Well, they lose this year, faster and faster as we come together, and as they shoot each other in all of their feet.
Grokking Republicans: The Non-Cooperator's Dilemma
I wrote up the theory of the Prisoner's Dilemma game, and its applications to a variety of problems, at some length six years ago. I am not going to repeat all of that. You should definitely have a look. Suffice it to say, today, that theory and experiment and social history all tell us that cooperation is one of the most powerful forces in the world, when tempered with a moderate amount of non-cooperation, aka defection, with the non-cooperators.

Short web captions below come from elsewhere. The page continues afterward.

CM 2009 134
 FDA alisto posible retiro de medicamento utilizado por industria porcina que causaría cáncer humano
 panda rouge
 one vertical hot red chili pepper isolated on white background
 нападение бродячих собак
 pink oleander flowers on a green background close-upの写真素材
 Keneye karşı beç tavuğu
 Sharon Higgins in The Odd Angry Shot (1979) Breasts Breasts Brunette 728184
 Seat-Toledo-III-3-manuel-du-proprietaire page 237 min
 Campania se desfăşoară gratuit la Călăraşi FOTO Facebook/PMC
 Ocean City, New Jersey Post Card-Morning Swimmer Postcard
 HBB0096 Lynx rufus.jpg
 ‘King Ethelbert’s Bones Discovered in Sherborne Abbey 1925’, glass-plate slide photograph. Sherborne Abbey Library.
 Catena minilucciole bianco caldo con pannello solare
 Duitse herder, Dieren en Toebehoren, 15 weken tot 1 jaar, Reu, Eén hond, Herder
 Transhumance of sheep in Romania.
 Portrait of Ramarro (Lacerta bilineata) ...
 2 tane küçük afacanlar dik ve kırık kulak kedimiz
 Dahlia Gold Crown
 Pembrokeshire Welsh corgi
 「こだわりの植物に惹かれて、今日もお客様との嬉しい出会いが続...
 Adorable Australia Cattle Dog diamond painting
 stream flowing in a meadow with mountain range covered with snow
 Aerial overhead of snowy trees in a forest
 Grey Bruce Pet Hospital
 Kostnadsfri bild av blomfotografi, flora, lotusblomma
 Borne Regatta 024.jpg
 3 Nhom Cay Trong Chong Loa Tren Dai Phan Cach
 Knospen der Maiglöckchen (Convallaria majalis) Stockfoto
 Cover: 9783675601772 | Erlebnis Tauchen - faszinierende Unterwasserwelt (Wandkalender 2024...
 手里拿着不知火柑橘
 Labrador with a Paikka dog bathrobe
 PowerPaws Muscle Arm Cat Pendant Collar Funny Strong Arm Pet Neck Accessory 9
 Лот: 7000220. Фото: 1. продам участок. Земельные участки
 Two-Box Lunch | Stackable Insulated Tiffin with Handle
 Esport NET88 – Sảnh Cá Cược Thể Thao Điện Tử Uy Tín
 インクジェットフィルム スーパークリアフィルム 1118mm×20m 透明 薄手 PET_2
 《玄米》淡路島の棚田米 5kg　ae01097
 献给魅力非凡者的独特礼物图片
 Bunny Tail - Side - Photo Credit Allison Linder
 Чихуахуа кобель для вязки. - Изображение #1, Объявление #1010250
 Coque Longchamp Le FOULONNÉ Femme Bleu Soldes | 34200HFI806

The most successful Prisoner's Dilemma strategy, Tit For Tat (TFT), begins by cooperating, and then defects once in response to every defection by an opponent. A modest number of players running Tit For Tat can hold their own against much larger numbers playing all sorts of other strategies that try to get away with something. At some fraction of the population, the TFTers actually win and take over.
Examples:
- The survival of Jews and Judaism in the face of millennia of persecution
- The survival of Roma ("Gypsies") in Europe, including their language and culture, for a millennium since their ancestors left India.
- The radical transformation of business practices under the influence of the Society of Friends ("Quakers")
- The slow but inexorable advances in human rights for the formerly enslaved and their descendants; Asians (once the "teeming hordes" and the "Yellow Peril"; Latinos; women; Native Americans; LGBTQs; teachers of science; workers; and many other groups.